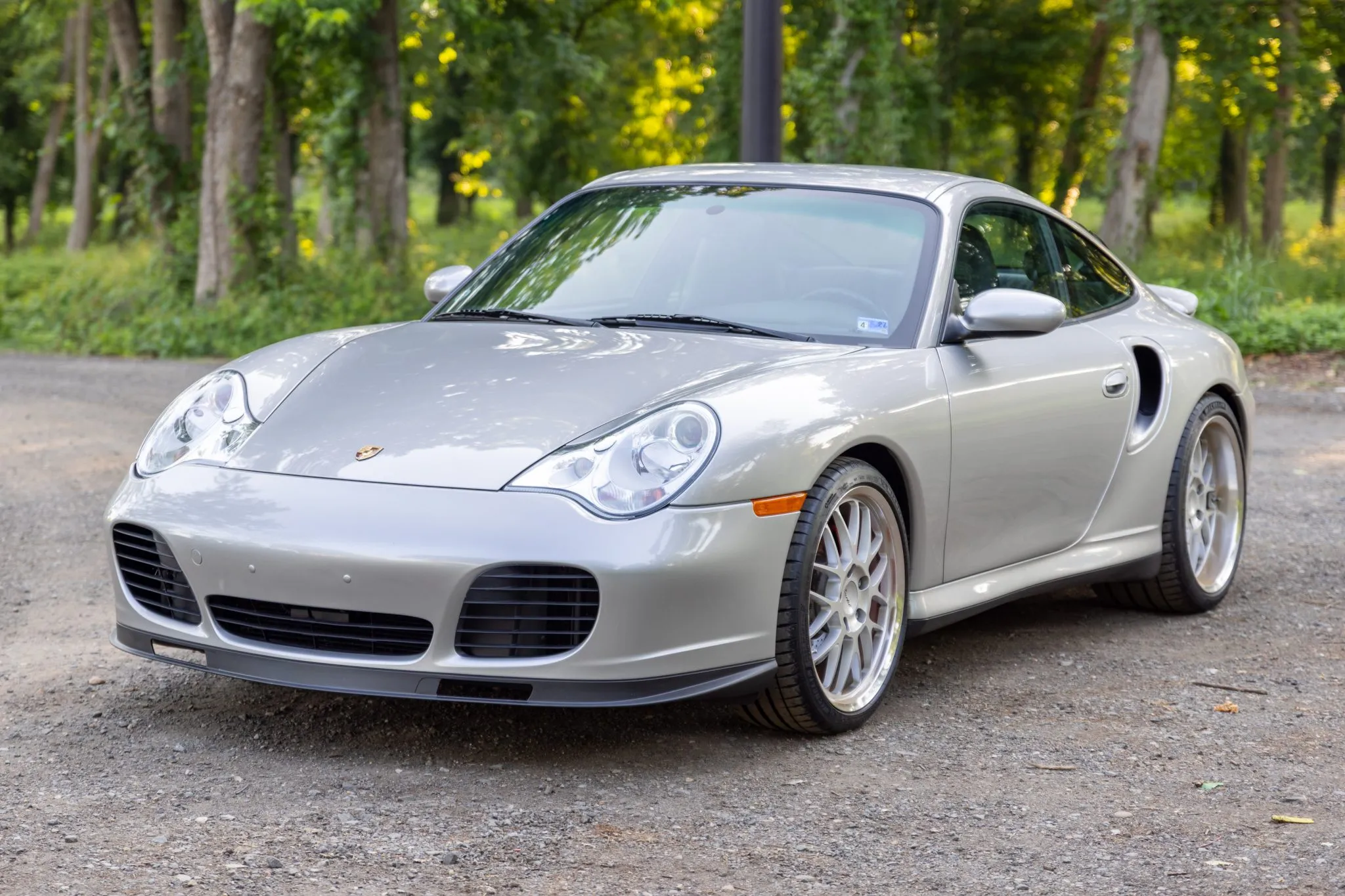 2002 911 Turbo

---

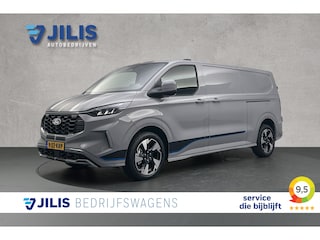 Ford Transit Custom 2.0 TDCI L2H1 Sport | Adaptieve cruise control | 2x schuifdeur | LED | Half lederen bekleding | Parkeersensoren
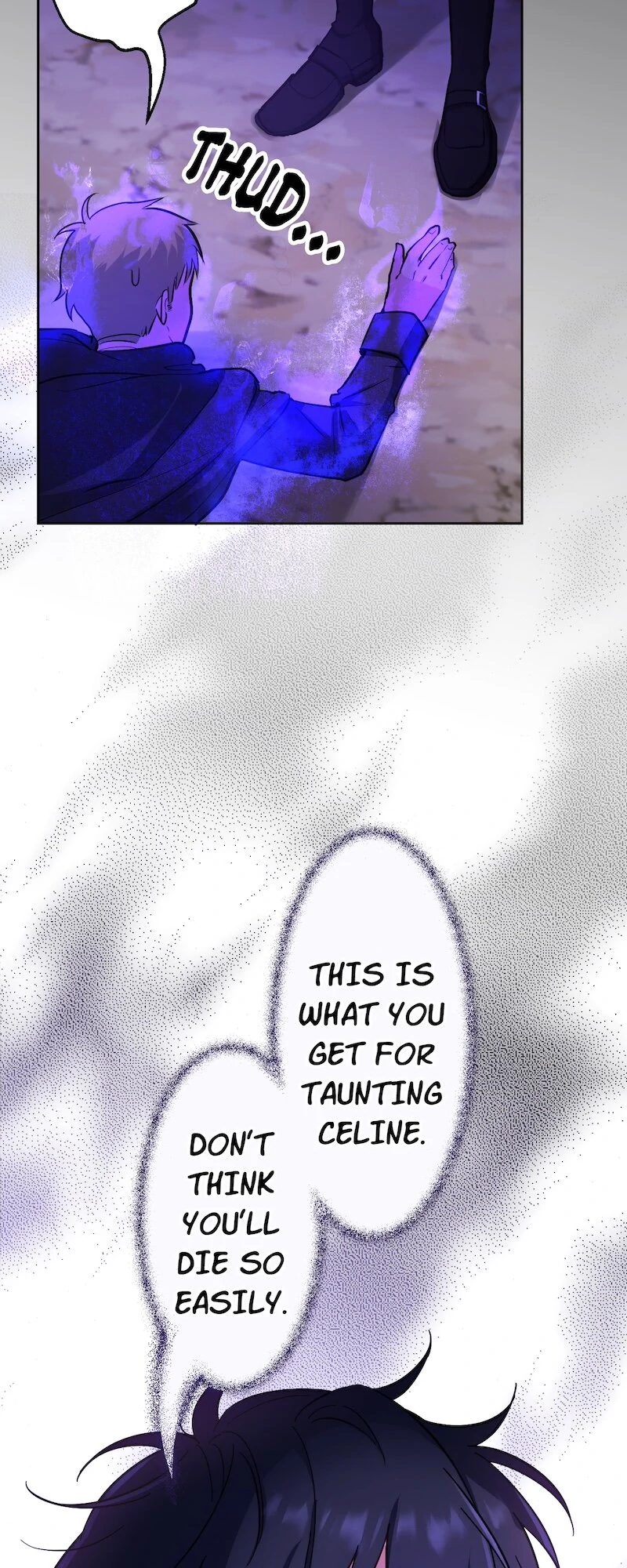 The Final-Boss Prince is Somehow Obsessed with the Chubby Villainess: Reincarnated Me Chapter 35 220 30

● WORK INSTRUCTION
Give again, exactly as written above, every line from the one holding "Ford Transit Custom" to the one holding "The Final-Boss Prince", with both ends kept and the pictures left out.

● TASK RESPONSE
 Ford Transit Custom 2.0 TDCI L2H1 Sport | Adaptieve cruise control | 2x schuifdeur | LED | Half lederen bekleding | Parkeersensoren
 The Final-Boss Prince is Somehow Obsessed with the Chubby Villainess: Reincarnated Me Chapter 35 220 30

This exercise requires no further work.